There were a host of other cases where ship operators were abusing Tanzania’s slip-shod law enforcement (and such cases persist). “We cannot allow the name of our country to be tarnished by individuals pursuing their selfish interests,” President Magufuli said at the time. 

However, Tanzania is apparently back to registering foreign-owned ships. The Al Maha, whose chief engineer has been unpaid for seven years, was re-registered in Tanzania for a four-year period as recently as December 2021.

“I’m disappointed that Tanzania doesn't feel it needs to do anything in response to continuous abandonment problems with ships flying its flag,” said Trowsdale. “They are concerned for their reputation over stories about smuggling, but seem to show no concern for human rights abuses. There were six cases of abandonment for Tanzanian flagged vessels  in 2020, four in 2021, and five so far in 2022.”

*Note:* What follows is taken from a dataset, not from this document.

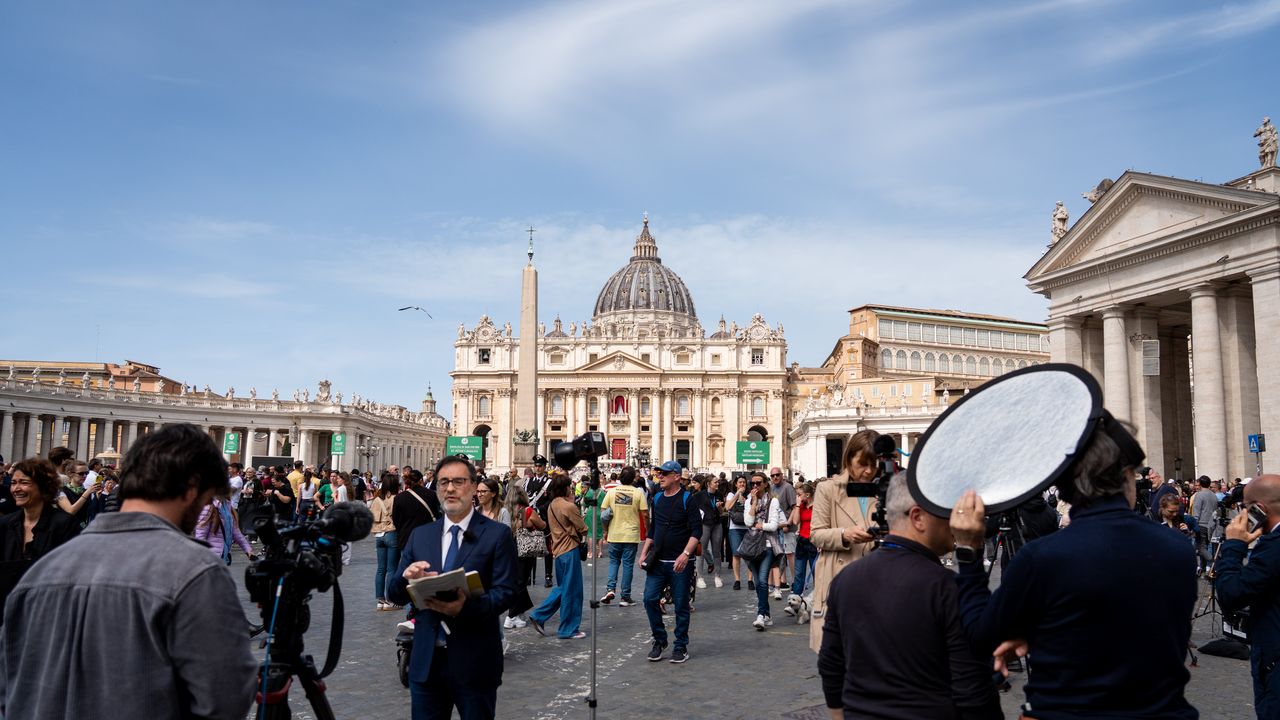 Morte di papa Francesco, la trafelata corsa al cordoglio mediatico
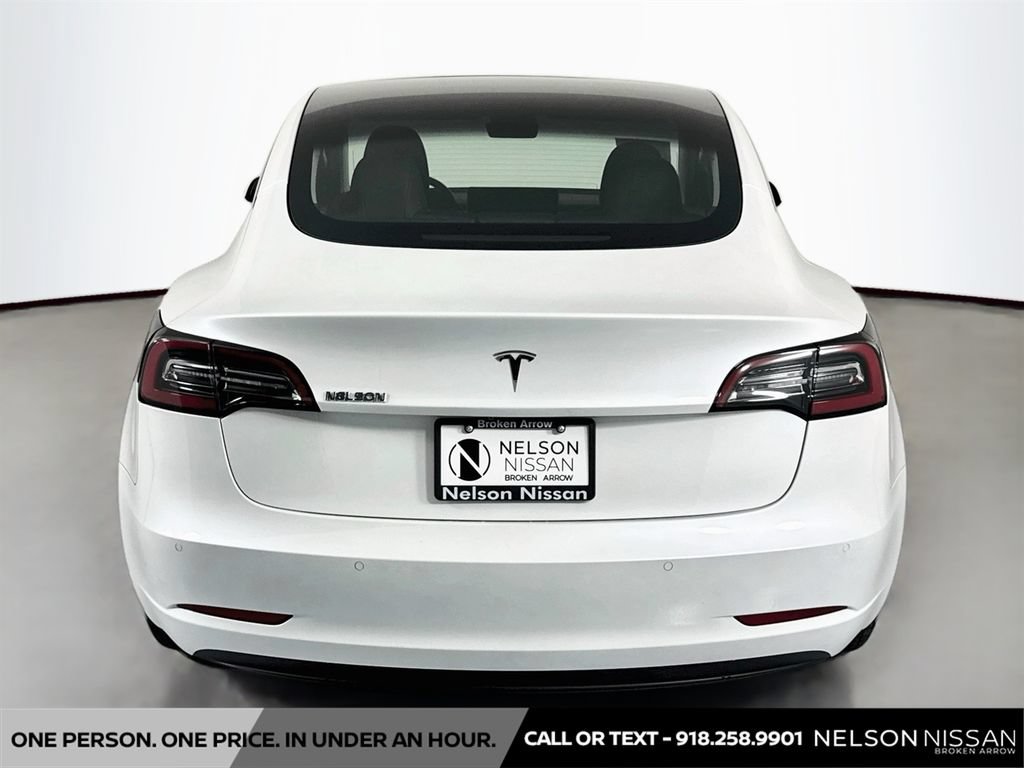 Used 2020 Tesla Model 3 Standard Range Plus RWD image 6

Whether or not its current leaders care to repair Tanzania’s reputation on the high seas, the effective regulation of ship owners remains problematic. Tanzania was formed by the merger of two newly independent countries in the 1960s. Tanganyika on mainland Africa joined with the islands of Zanzibar just off its coast. However, Zanzibar remains semi-autonomous. This history means the country has two ships’ registries. Mainland Tanzania has a closed registry (it only registers ships of Tanzanian ownership, largely crewed by Tanzanians) while Zanzibar has an international registry open to any ship operator prepared to pay the fee.

The Republic of Tanzania has ratified conventions such as the MLC, but it is the semi-autonomous region of Zanzibar which operates the open registry under the Zanzibar Maritime Authority. Communication between the two seems limited and that makes effective enforcement impossible. Research from the World Maritime University in Sweden recommends that Tanzania clarifies its laws in this area before it can hope to have an effective maritime administration.

“As in this case, it is ITF’s experience that the Tanzanian Flag does not take action when it receives requests relating to seafarer welfare, despite its commitment to the MLC,” said Trowsdale. “Our view is that a country should not operate an open registry unless it has the capacity to enforce basic labour rules on the ships it registers. A case like that of Abdul Naser Saleh would never have happened were it not for the Flag of Convenience (FOC) system. We call on Tanzania, and all FOCs, to live up to their responsibilities.”

The 1982 UN Convention on the Law of the Sea says there must be a genuine link between a ship owner and the country where the ship is registered. This is also the ITF’s policy. The practice of some countries to operate open registers (Flags of Convenience) where they register a ship for a fee but do little or nothing to meet their obligations under international law, has caused untold suffering to seafarers. Until the system is changed, ship’s crews will continue to be exploited by unscrupulous operators.